A story in the Telegraph quotes the new head of the UK's Soil Association as saying organic food is not just for "people who wear sandals and drink champagne," as part of an effort to broaden the appeal of organic food and reclaim it from a not entirely inviting upper strata of society.
Sometimes it's hard to avoid the feeling that coastal elitism is the vanguard of healthier, more expensive, and often more exclusive dining. Organic food often costs more, it requires far more prep and effort than simply dining on the market's finest nuke-and-puke options, and is championed by not entirely down-to-earth celebrities including Sting, Madonna, and Gwyneth Paltrow. There's certainly a culture war raging in the U.S. that has largely manifested itself in a battle over what kids eat both at home and at school.
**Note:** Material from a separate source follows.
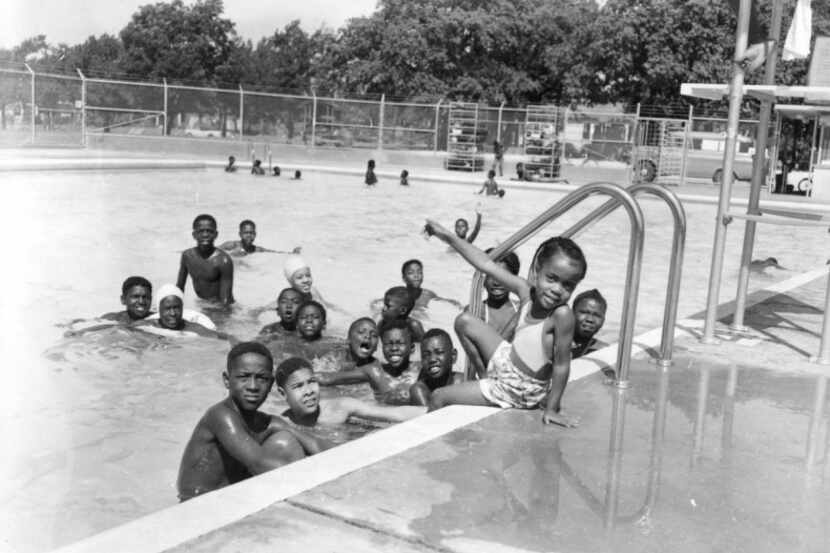  Kids played in the pool at Exline Park in South Dallas in the 1950s. The park became...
It's being fought between Republicans who insist that it's every American child's God-given right to eat deep-fried lard burgers at every lunch in his or her public school cafeteria, at least until said public school is defunded entirely. Meanwhile, local food advocates, vegetarians, and vegans, who tend to vote Democratic if not Green, would push for a way to include more fresh vegetables and less fried meat, even at the expense of local favorites and/or the wishes of schoolkids (who, let's be honest, would generally rather eat a fluffernutter sandwich washed down with Mountain Dew than have a righteously nutritious local meal).
This raises the question: Is organic food for elitist jerks?
• Are you an elitist jerk if you eat it?
• Do elitist jerks tend to eat it more often?
• Can you make expensive and/or time-consuming healthy food decisions and still vote Republican and/or earn less than $50,000 a year? (Ask a hunter or avid fisherman for an interesting alternative perspective.)